- _TASK TO COMPLETE_
Please reproduce the lines of the records below from the one holding "Carbon Impact Youth Fletched Arrows" through the one holding "jay - Эсенгулы - img 1", inclusive, skipping all pictures.

- _DATA UNDER STUDY_
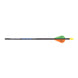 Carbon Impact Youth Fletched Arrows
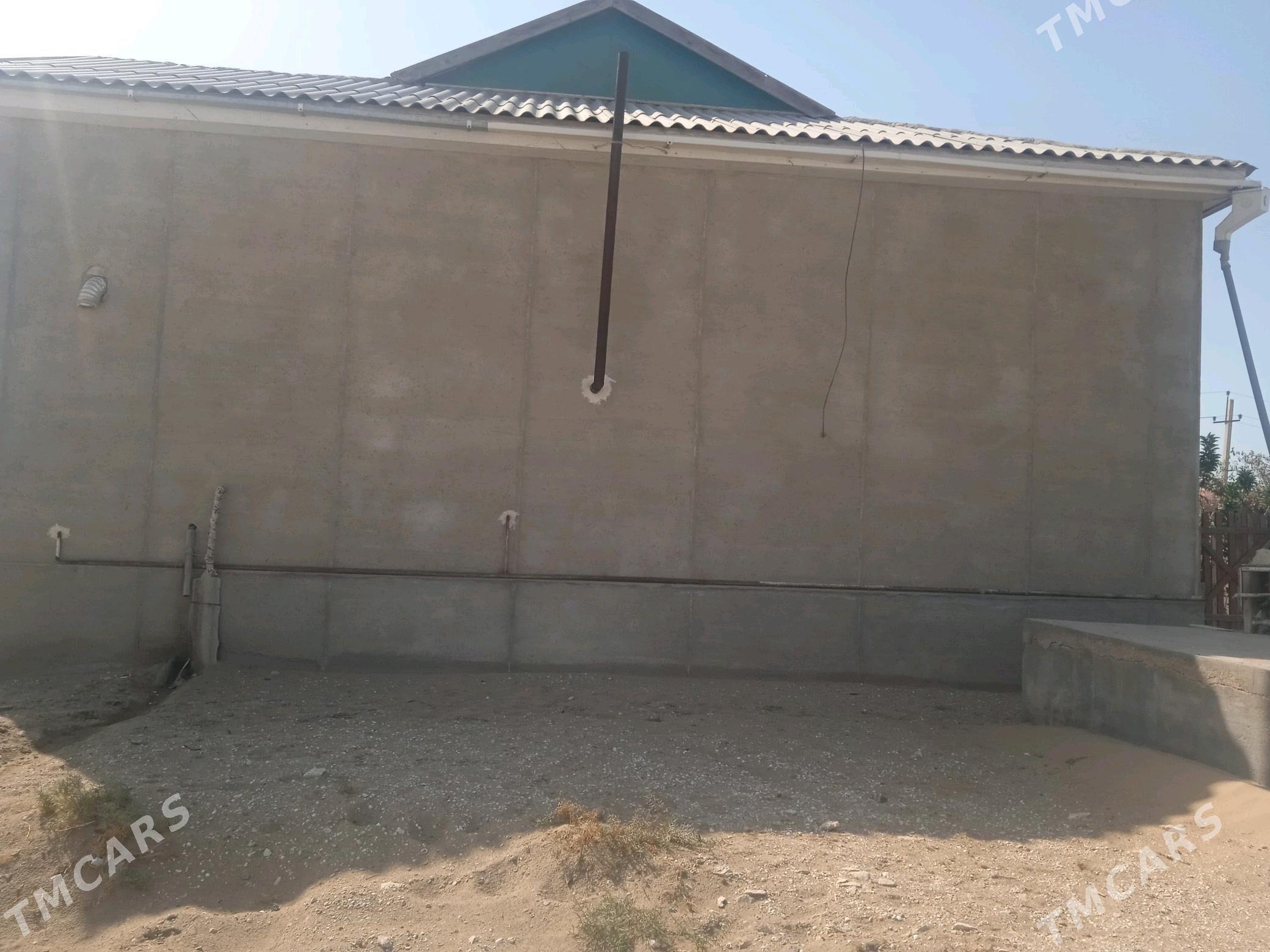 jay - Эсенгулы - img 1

---

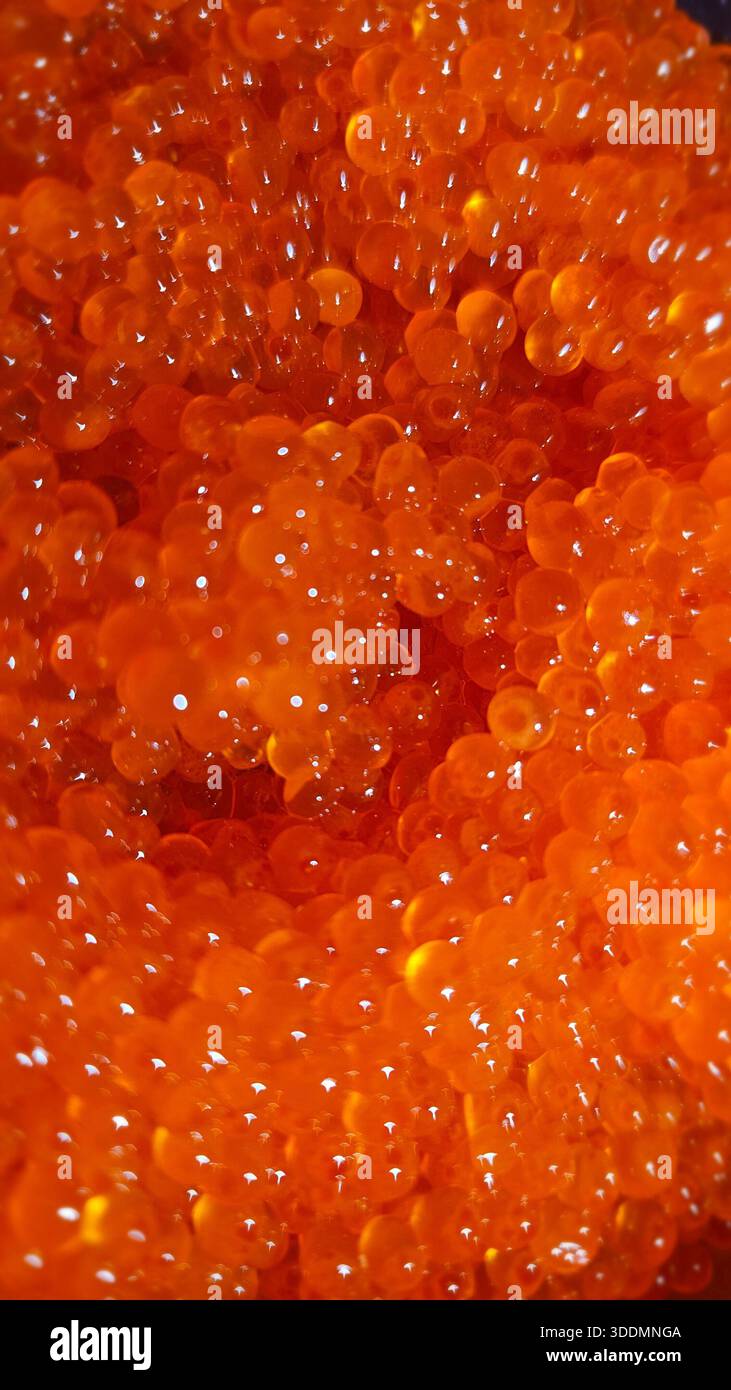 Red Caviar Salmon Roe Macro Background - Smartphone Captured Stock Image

- _EXERCISE RESPONSE_
 Carbon Impact Youth Fletched Arrows
 jay - Эсенгулы - img 1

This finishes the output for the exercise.